• [Exercise directions] Copy exactly the stretch of lines from the one holding "Listing photo id 30 for 4112 Corona Street" through the last line of the data below, inclusive. Leave out pictures.

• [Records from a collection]

◆ ◆ ◆ ◆ ◆

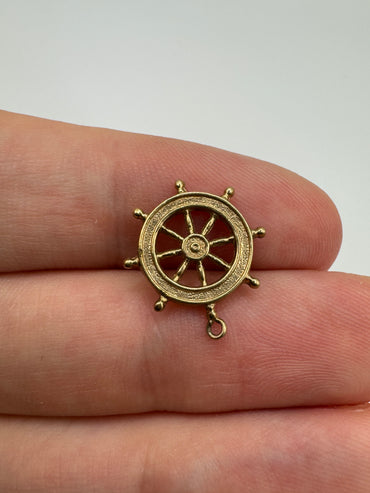 9ct gold ships wheel pendant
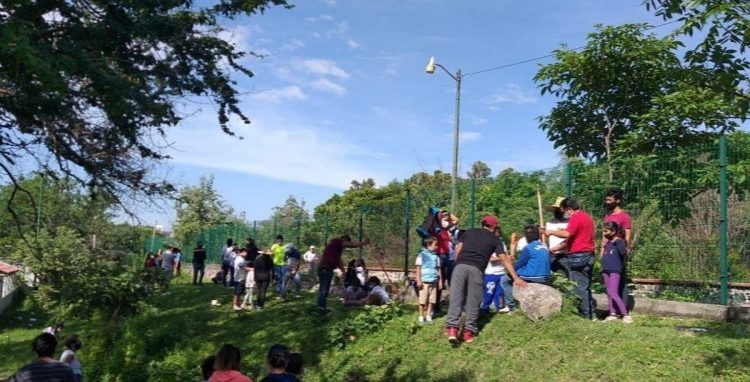 Niños ayudan a reforestar ribera del Río Cuautla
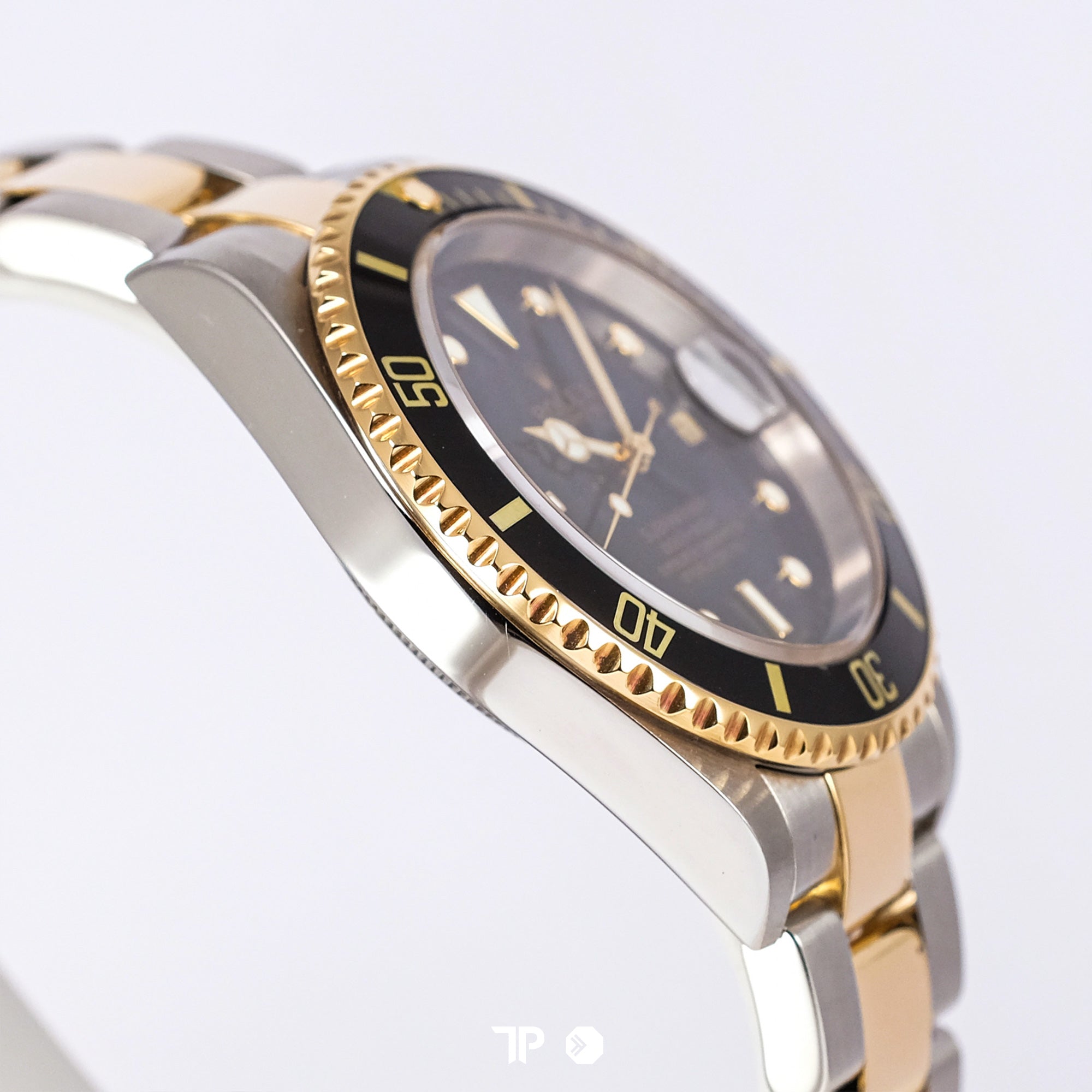 Submariner Date 40 Two Tone Yellow Gold Black (2005)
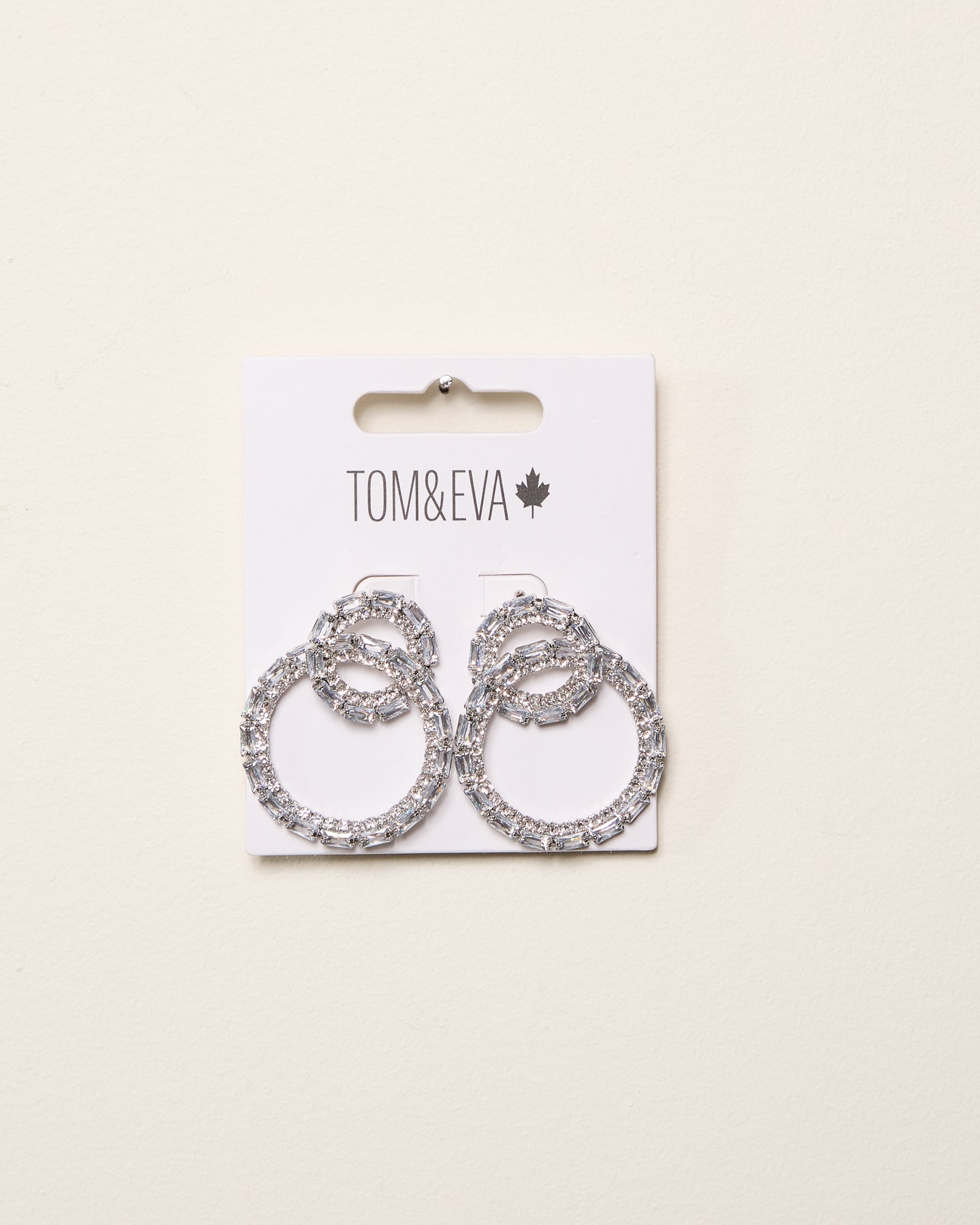 Boucles d’oreilles doubles cercles superposés avec strass argentés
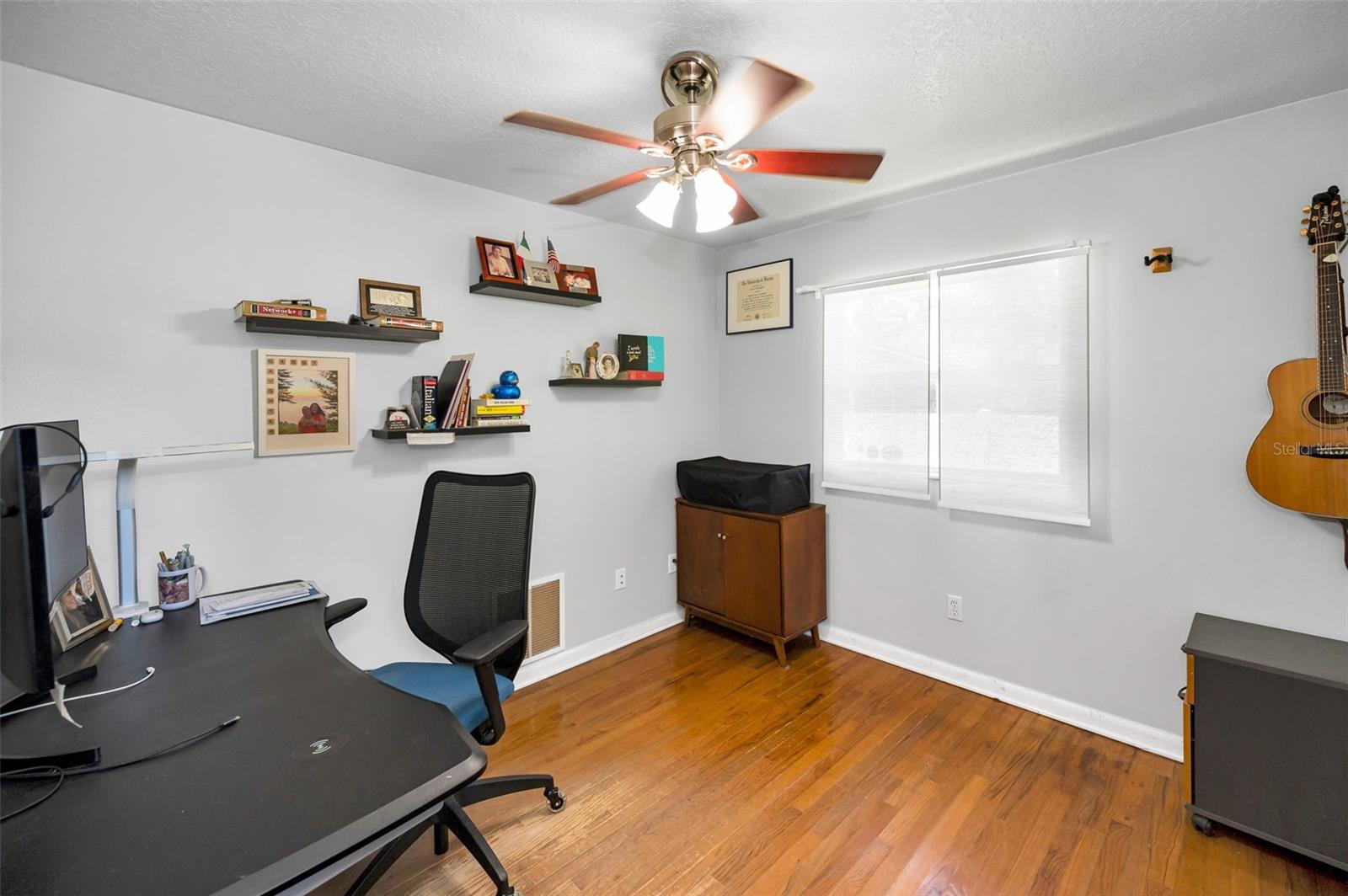 Listing photo id 30 for 4112 Corona Street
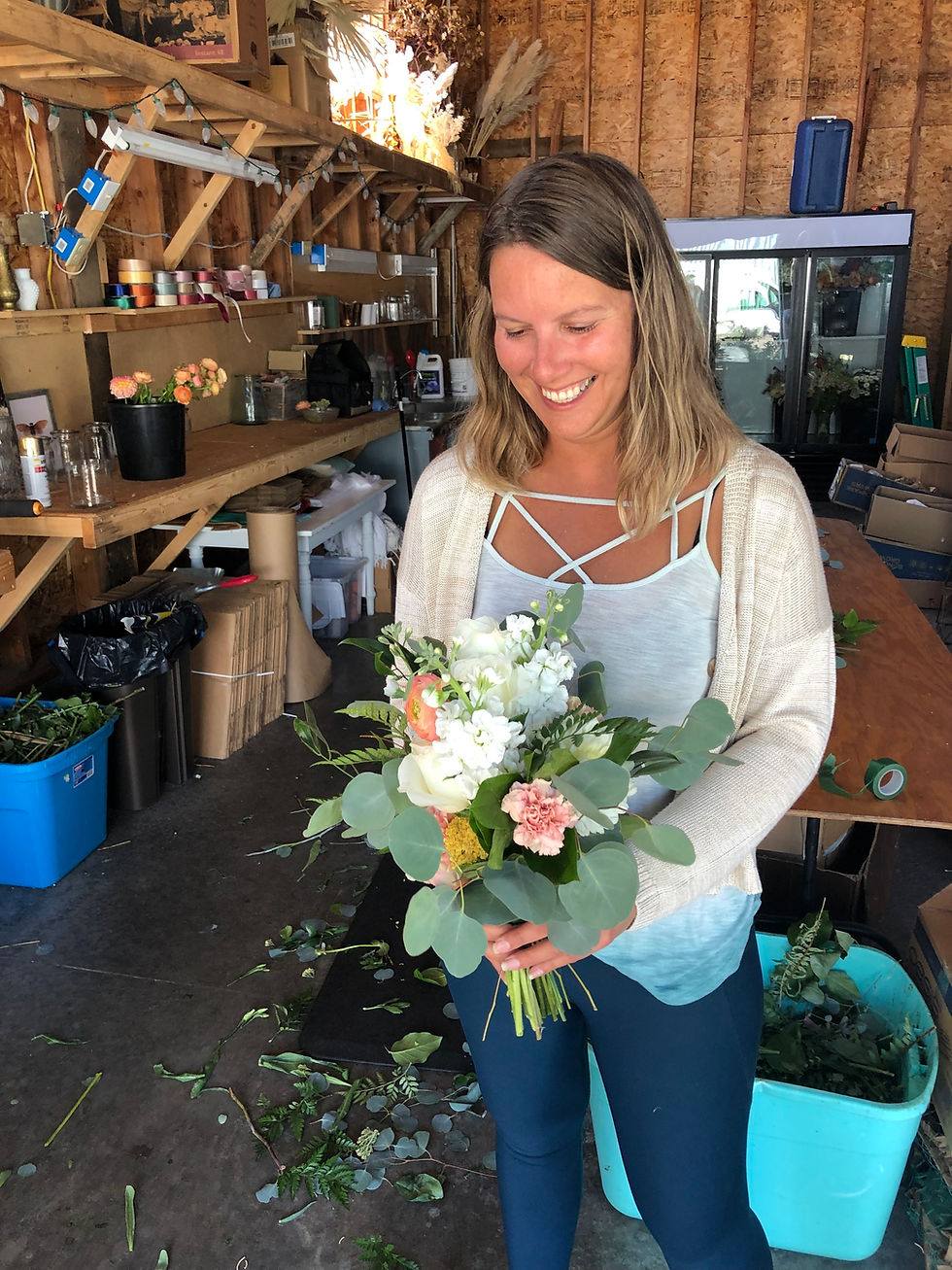 assistant with bouquet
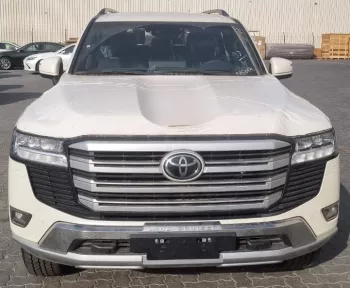 Toyota Land Cruiser 4.0L AX+  A/T 4WD PETROL -  2023 MODEL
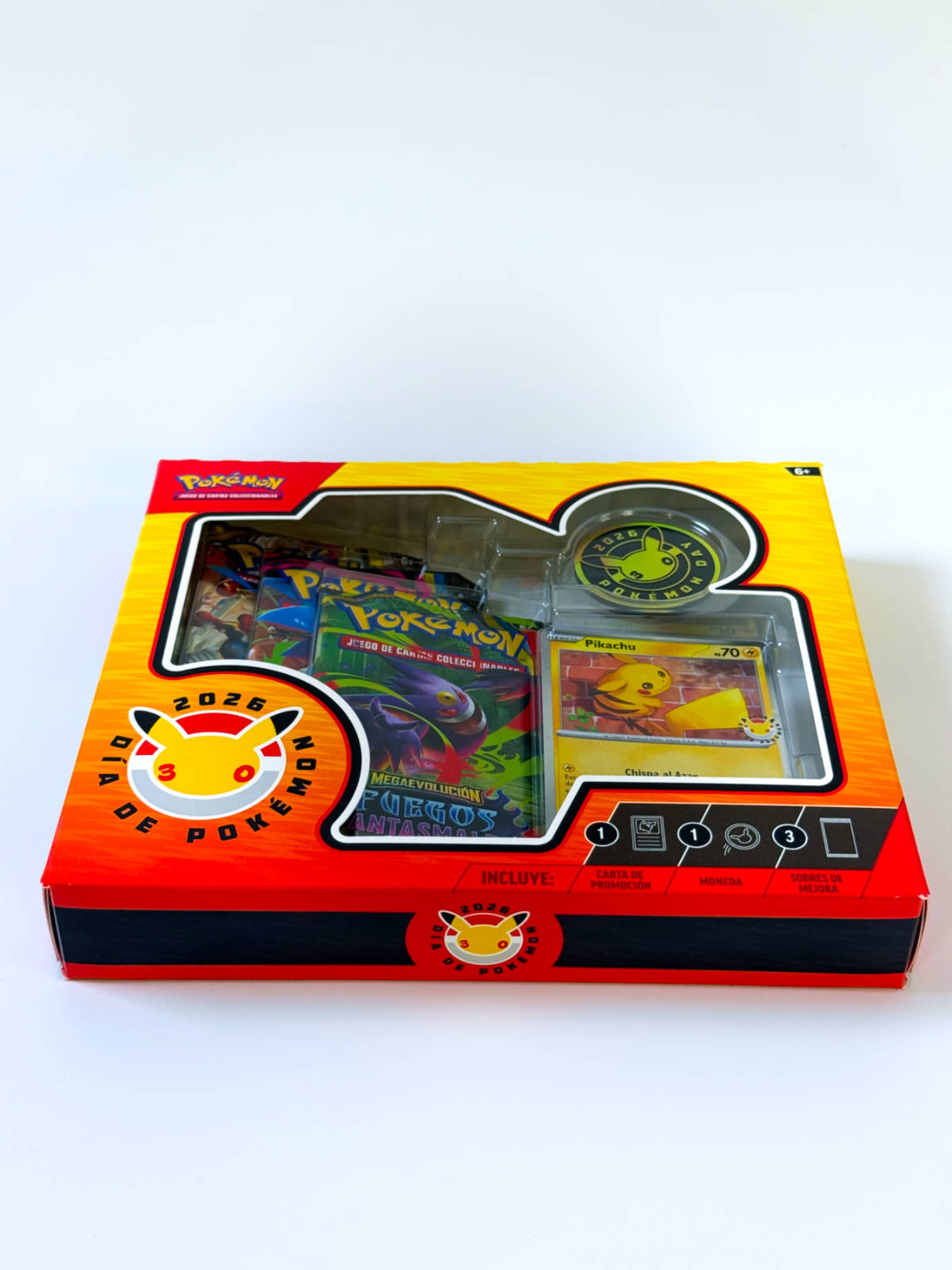 Pokémon 30th Anniversary Pikachu Collection Box (ES) vista en ángulo del producto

◆ ◆ ◆ ◆ ◆

• [Result for this task]
 Listing photo id 30 for 4112 Corona Street
 assistant with bouquet
 Toyota Land Cruiser 4.0L AX+  A/T 4WD PETROL -  2023 MODEL
 Pokémon 30th Anniversary Pikachu Collection Box (ES) vista en ángulo del producto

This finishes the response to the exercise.